We control for tax loss carry-forwards by including NOL which is an indicator variable that takes
the value of one when the firm has a tax loss carry-forward and zero otherwise. In addition, we
include DNOL to control for the change in tax loss carryforwards. DNOL is calculated by
dividing the change in tax loss carryforwards from prior year scaled by lagged assets. We also
control for volatility of earnings (EarningsVolatility) which is measured as the standard deviation
of the past three years of pre-tax income scaled by the absolute value of the mean of the past
three years of pre-tax income. Controls are also included for the magnitude of unrecognized tax
benefits (UTB) and selling, general, and administrative expenses (SGA). UTB is calculated by
dividing UTB by lagged assets. SGA is measured by dividing total selling, general, and
18
administrative expenses by sales. Capital intensity of a firm is controlled for with Cap_Intensity
which is measured by scaling capital expenditures by lagged assets. Finally, we include controls
for intangible assets (Intang), research and development expenses (RandD), advertising expenses
(Advertise), and inventory (Inventory). Each of these variables is measured by their respective
account balances divided by lagged total assets.

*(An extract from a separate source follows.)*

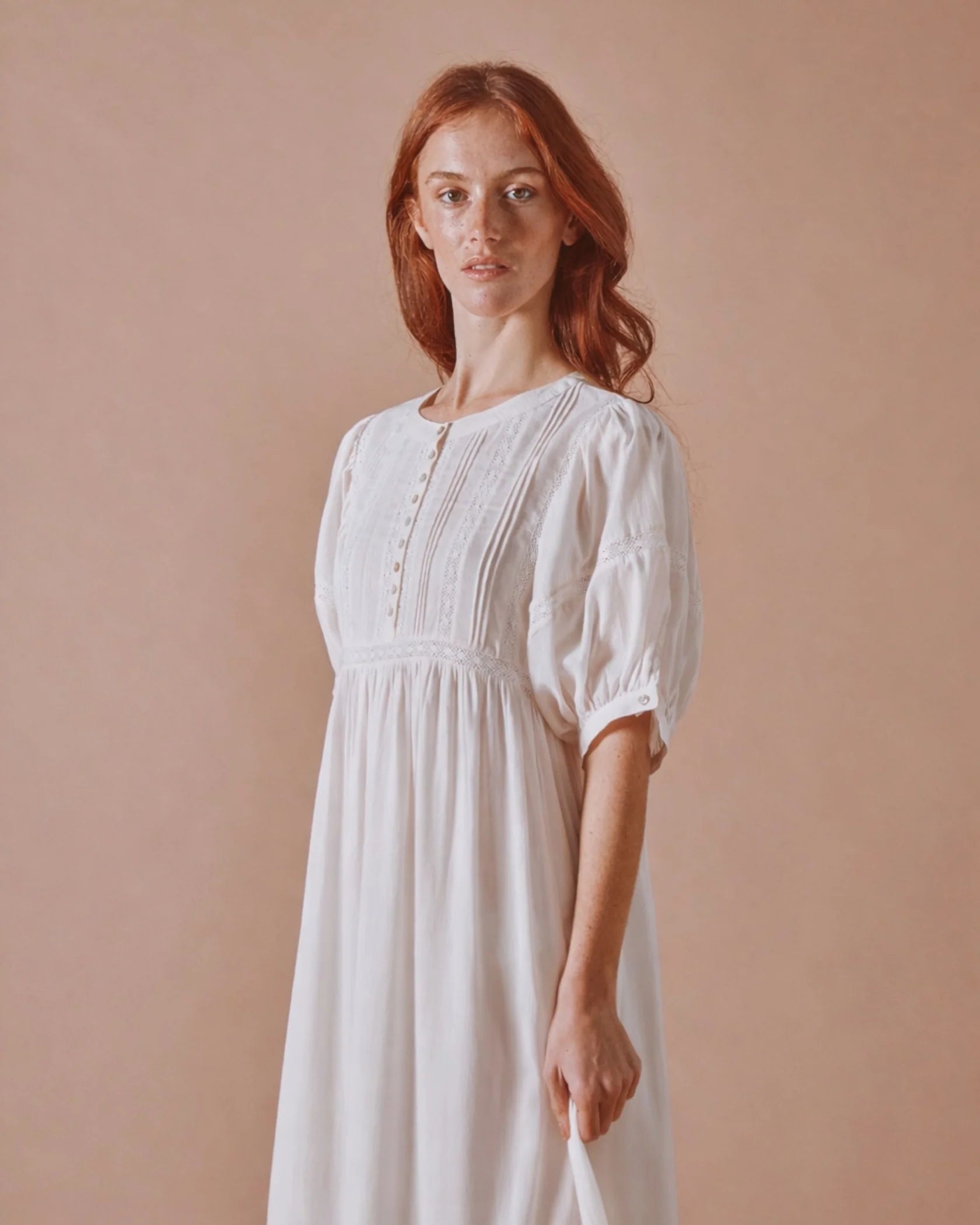 Emile & Ida Daniela Dress in Creme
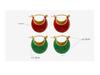 Unisex Red and Green Enamel Trendy Versatile Christmas Ear Cuffs Earrings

Whenever investigating the effects of an accounting choice, an important issue to address
is self-selection (Oswald and Zarowin 2007). A firm’s decision to include all UTB interest and
penalty expense in tax expense may introduce self-selection bias into the observed sample. For
example, firms that do not include all UTB interest and penalty expense in tax expense may be
firms that provide better disclosures in general. Accordingly, we control for the firm’s decision
to include all UTB interest and penalty expense in tax expense using a propensity score matched
sample of firms based on the determinant model (1) above.
4. Empirical Results
4.1 Descriptive Statistics
Table 2 presents the descriptive statistics for the 963 firms included in our sample. Panel
A provides a breakdown of the number of firms that classify the UTB interest and penalty
expenses in the different income statement classifications (e.g., income tax expense, interest
expense, selling, general and administrative expense or other). The first column provides
information on where the firms in our sample classify UTB interest expense on the income
statement. Eighty-seven percent (87%) of firms include UTB interest as tax expense on the
income statement. The second column identifies where the firms classify UTB penalties on the
income statement. Again, a large majority of firms include penalties in tax expense (89%).
Interestingly, three percent (3%) of firms classify penalties in selling, general and administrative
19
expenses which reduces operating income and EBITDA. The final column provides information
on whether firms include both UTB interest and penalty expenses in the same classification or if
the classifications are mixed. Approximately nine percent of firms include interest and penalty
expense in different classifications on the income statement.
[Insert Table 2 Here]
Panel B of Table 2 provides the descriptive statistics for the variables used in our logistic
regression analysis.16
Of our sample, 86% of the firms include all of the UTB interest and
penalty expenses in tax expense (All_Tax).17
18
The mean (median) of GAAP_ETR is 32% (34%).
The KLD database identifies eight percent of the firms having a rating of concern regarding
disputes with tax authorities. On average, 70% of firms engage in foreign operations and 73% of
their shares are owned by institutions. In addition, the mean (median) of Leverage is 21% (19%).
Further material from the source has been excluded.